§ **Given data**

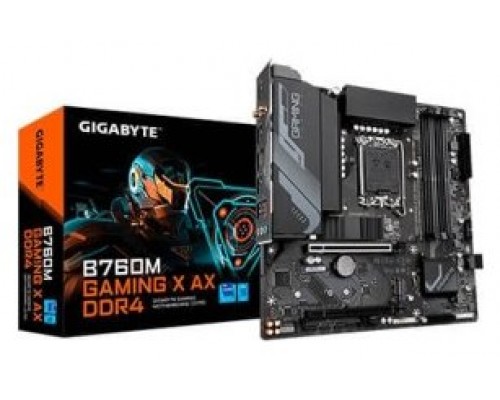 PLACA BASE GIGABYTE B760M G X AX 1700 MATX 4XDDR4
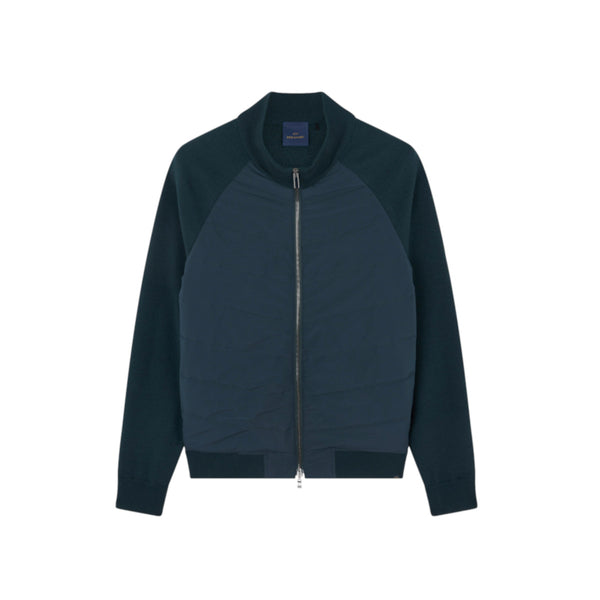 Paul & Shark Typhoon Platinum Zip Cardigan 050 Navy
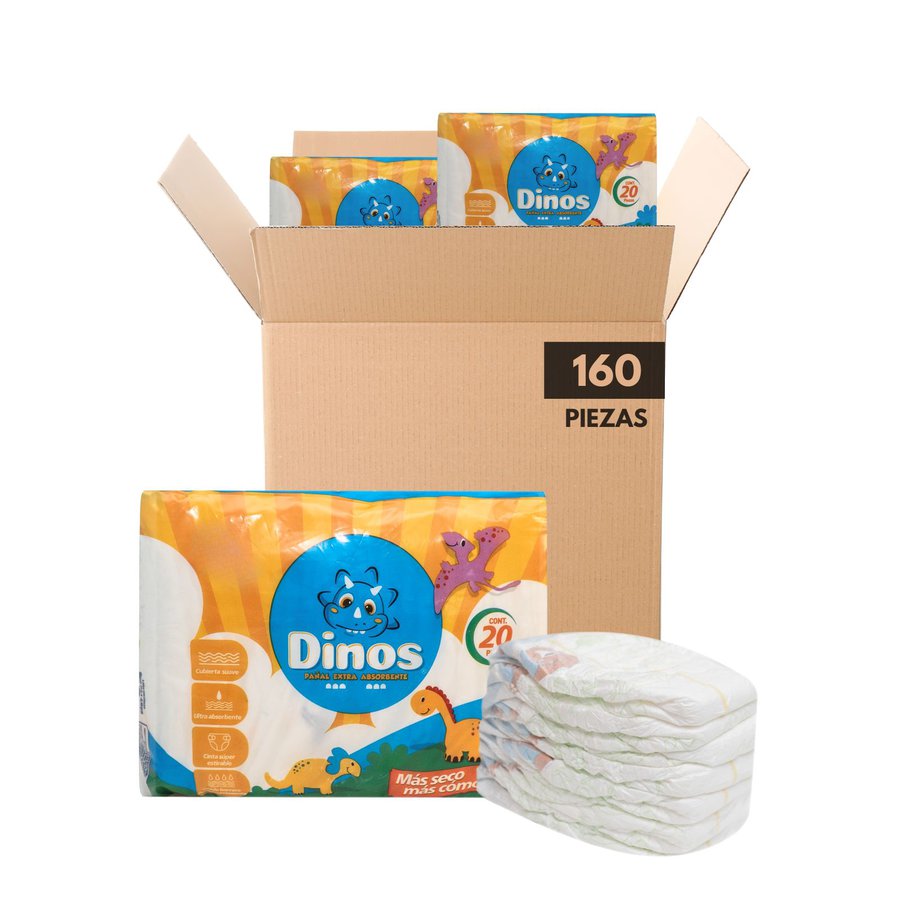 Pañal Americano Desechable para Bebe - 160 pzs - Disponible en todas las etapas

...

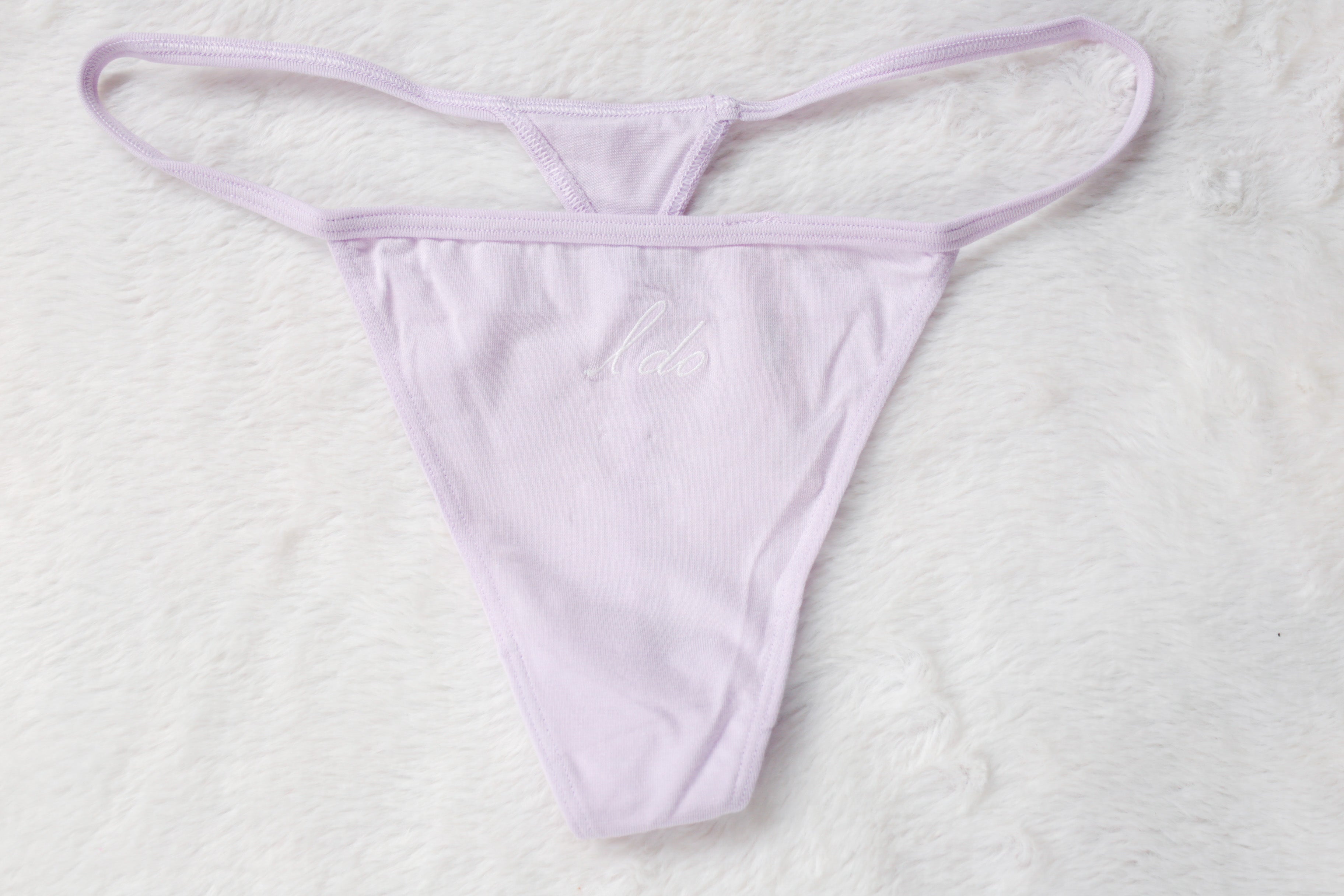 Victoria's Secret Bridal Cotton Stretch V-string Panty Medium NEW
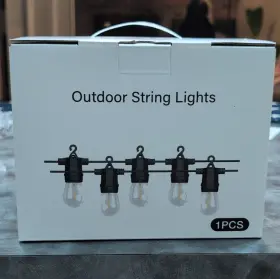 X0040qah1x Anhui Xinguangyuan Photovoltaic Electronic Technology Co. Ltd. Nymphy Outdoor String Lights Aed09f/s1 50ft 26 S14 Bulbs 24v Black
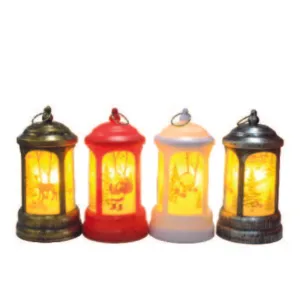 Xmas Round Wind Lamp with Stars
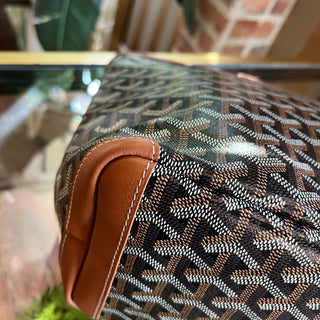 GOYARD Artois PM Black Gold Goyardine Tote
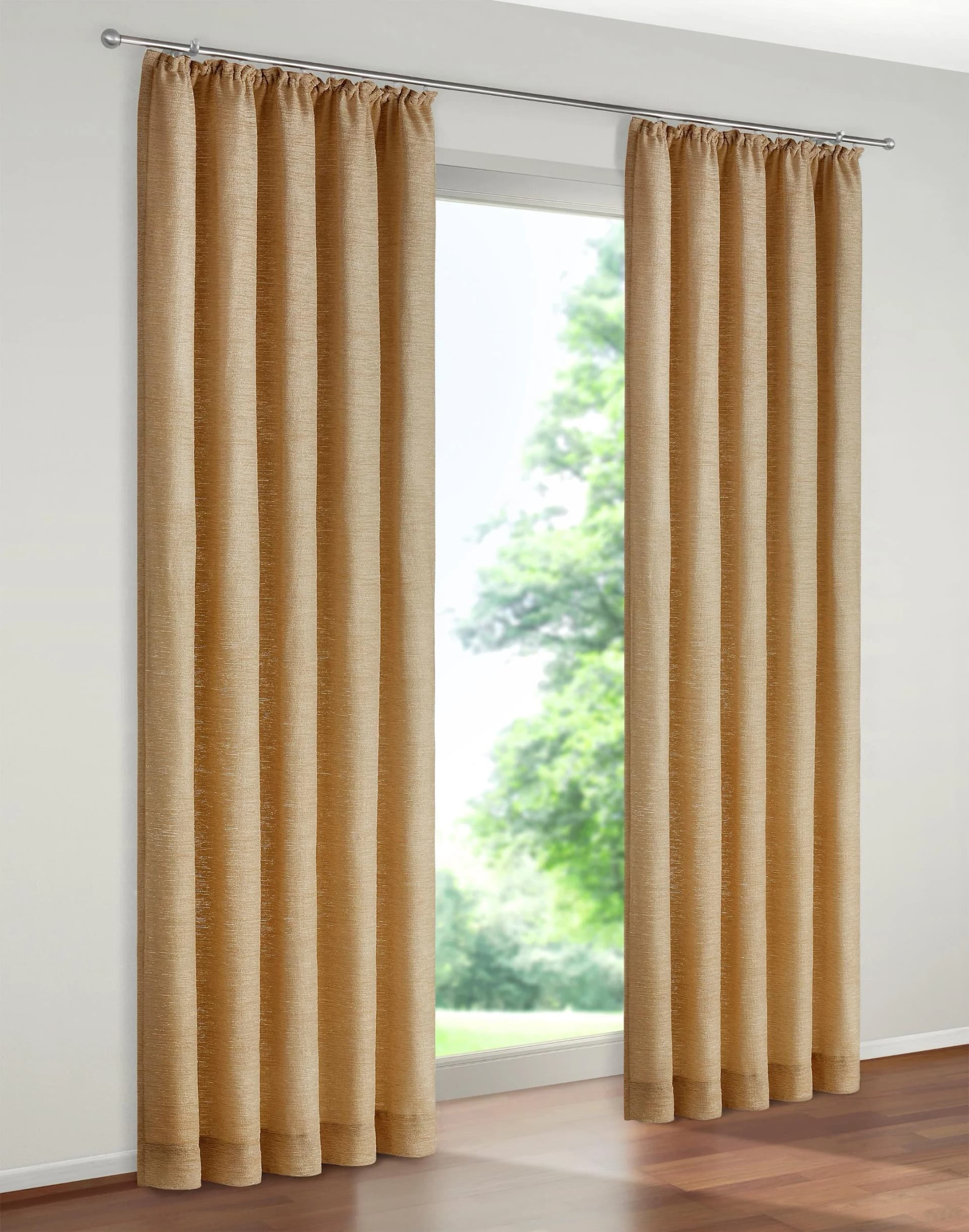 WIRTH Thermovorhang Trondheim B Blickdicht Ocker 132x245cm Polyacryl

--

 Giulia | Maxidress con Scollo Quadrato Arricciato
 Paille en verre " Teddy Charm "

§ **Work to complete**
Produce an exact reproduction of the listing above, limited to the lines starting at the line with "PLACA BASE GIGABYTE" and ending at the line with "Pañal Americano Desechable", both kept, with every picture left out.

§ **Answer**
 PLACA BASE GIGABYTE B760M G X AX 1700 MATX 4XDDR4
 Paul & Shark Typhoon Platinum Zip Cardigan 050 Navy
 Pañal Americano Desechable para Bebe - 160 pzs - Disponible en todas las etapas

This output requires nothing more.